───── Data supplied ─────
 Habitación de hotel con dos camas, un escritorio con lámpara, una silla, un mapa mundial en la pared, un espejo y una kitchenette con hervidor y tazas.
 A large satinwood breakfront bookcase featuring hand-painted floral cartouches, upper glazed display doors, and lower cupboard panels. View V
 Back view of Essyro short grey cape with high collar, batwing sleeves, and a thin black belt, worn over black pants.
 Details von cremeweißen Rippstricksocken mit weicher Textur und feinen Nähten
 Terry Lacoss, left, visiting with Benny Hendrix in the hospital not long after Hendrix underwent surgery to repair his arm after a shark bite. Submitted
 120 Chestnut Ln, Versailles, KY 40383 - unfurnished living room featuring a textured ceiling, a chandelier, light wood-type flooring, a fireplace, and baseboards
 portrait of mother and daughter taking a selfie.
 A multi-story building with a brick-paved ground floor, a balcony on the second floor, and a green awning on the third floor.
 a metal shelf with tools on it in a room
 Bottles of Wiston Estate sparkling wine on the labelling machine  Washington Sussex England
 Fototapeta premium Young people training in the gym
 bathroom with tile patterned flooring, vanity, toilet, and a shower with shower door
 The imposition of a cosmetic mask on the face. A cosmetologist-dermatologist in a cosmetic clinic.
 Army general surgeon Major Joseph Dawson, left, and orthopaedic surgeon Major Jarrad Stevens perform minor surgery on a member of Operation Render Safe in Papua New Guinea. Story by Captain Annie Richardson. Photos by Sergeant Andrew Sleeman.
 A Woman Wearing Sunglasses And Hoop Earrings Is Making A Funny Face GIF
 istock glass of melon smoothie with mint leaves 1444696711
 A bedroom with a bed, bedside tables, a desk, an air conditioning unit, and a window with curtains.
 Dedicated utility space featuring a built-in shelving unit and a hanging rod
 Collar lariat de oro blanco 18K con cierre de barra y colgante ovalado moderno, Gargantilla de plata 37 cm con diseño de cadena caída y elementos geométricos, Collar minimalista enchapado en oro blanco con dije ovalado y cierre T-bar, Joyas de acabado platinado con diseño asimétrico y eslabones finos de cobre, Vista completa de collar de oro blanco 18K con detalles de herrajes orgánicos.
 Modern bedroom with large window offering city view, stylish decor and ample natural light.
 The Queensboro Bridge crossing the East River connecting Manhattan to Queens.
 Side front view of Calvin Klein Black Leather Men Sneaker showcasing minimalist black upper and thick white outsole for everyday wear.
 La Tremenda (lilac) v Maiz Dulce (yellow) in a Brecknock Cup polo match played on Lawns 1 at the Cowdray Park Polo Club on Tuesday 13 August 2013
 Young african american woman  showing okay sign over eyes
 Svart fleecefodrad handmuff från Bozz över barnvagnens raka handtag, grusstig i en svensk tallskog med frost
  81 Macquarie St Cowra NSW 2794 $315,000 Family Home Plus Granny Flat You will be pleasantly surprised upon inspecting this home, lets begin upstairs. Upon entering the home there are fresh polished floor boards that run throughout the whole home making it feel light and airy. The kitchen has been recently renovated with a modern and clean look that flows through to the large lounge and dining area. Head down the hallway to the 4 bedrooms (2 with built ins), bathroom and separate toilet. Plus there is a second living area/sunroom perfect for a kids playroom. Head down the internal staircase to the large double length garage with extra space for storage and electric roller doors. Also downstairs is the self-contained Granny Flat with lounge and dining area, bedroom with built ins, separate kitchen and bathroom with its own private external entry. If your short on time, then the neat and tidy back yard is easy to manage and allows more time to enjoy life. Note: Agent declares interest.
─────
* _Required action_
Extract all of the data shown above without alteration.

* _Answer for the task_
 Habitación de hotel con dos camas, un escritorio con lámpara, una silla, un mapa mundial en la pared, un espejo y una kitchenette con hervidor y tazas.
 A large satinwood breakfront bookcase featuring hand-painted floral cartouches, upper glazed display doors, and lower cupboard panels. View V
 Back view of Essyro short grey cape with high collar, batwing sleeves, and a thin black belt, worn over black pants.
 Details von cremeweißen Rippstricksocken mit weicher Textur und feinen Nähten
 Terry Lacoss, left, visiting with Benny Hendrix in the hospital not long after Hendrix underwent surgery to repair his arm after a shark bite. Submitted
 120 Chestnut Ln, Versailles, KY 40383 - unfurnished living room featuring a textured ceiling, a chandelier, light wood-type flooring, a fireplace, and baseboards
 portrait of mother and daughter taking a selfie.
 A multi-story building with a brick-paved ground floor, a balcony on the second floor, and a green awning on the third floor.
 a metal shelf with tools on it in a room
 Bottles of Wiston Estate sparkling wine on the labelling machine  Washington Sussex England
 Fototapeta premium Young people training in the gym
 bathroom with tile patterned flooring, vanity, toilet, and a shower with shower door
 The imposition of a cosmetic mask on the face. A cosmetologist-dermatologist in a cosmetic clinic.
 Army general surgeon Major Joseph Dawson, left, and orthopaedic surgeon Major Jarrad Stevens perform minor surgery on a member of Operation Render Safe in Papua New Guinea. Story by Captain Annie Richardson. Photos by Sergeant Andrew Sleeman.
 A Woman Wearing Sunglasses And Hoop Earrings Is Making A Funny Face GIF
 istock glass of melon smoothie with mint leaves 1444696711
 A bedroom with a bed, bedside tables, a desk, an air conditioning unit, and a window with curtains.
 Dedicated utility space featuring a built-in shelving unit and a hanging rod
 Collar lariat de oro blanco 18K con cierre de barra y colgante ovalado moderno, Gargantilla de plata 37 cm con diseño de cadena caída y elementos geométricos, Collar minimalista enchapado en oro blanco con dije ovalado y cierre T-bar, Joyas de acabado platinado con diseño asimétrico y eslabones finos de cobre, Vista completa de collar de oro blanco 18K con detalles de herrajes orgánicos.
 Modern bedroom with large window offering city view, stylish decor and ample natural light.
 The Queensboro Bridge crossing the East River connecting Manhattan to Queens.
 Side front view of Calvin Klein Black Leather Men Sneaker showcasing minimalist black upper and thick white outsole for everyday wear.
 La Tremenda (lilac) v Maiz Dulce (yellow) in a Brecknock Cup polo match played on Lawns 1 at the Cowdray Park Polo Club on Tuesday 13 August 2013
 Young african american woman  showing okay sign over eyes
 Svart fleecefodrad handmuff från Bozz över barnvagnens raka handtag, grusstig i en svensk tallskog med frost
  81 Macquarie St Cowra NSW 2794 $315,000 Family Home Plus Granny Flat You will be pleasantly surprised upon inspecting this home, lets begin upstairs. Upon entering the home there are fresh polished floor boards that run throughout the whole home making it feel light and airy. The kitchen has been recently renovated with a modern and clean look that flows through to the large lounge and dining area. Head down the hallway to the 4 bedrooms (2 with built ins), bathroom and separate toilet. Plus there is a second living area/sunroom perfect for a kids playroom. Head down the internal staircase to the large double length garage with extra space for storage and electric roller doors. Also downstairs is the self-contained Granny Flat with lounge and dining area, bedroom with built ins, separate kitchen and bathroom with its own private external entry. If your short on time, then the neat and tidy back yard is easy to manage and allows more time to enjoy life. Note: Agent declares interest.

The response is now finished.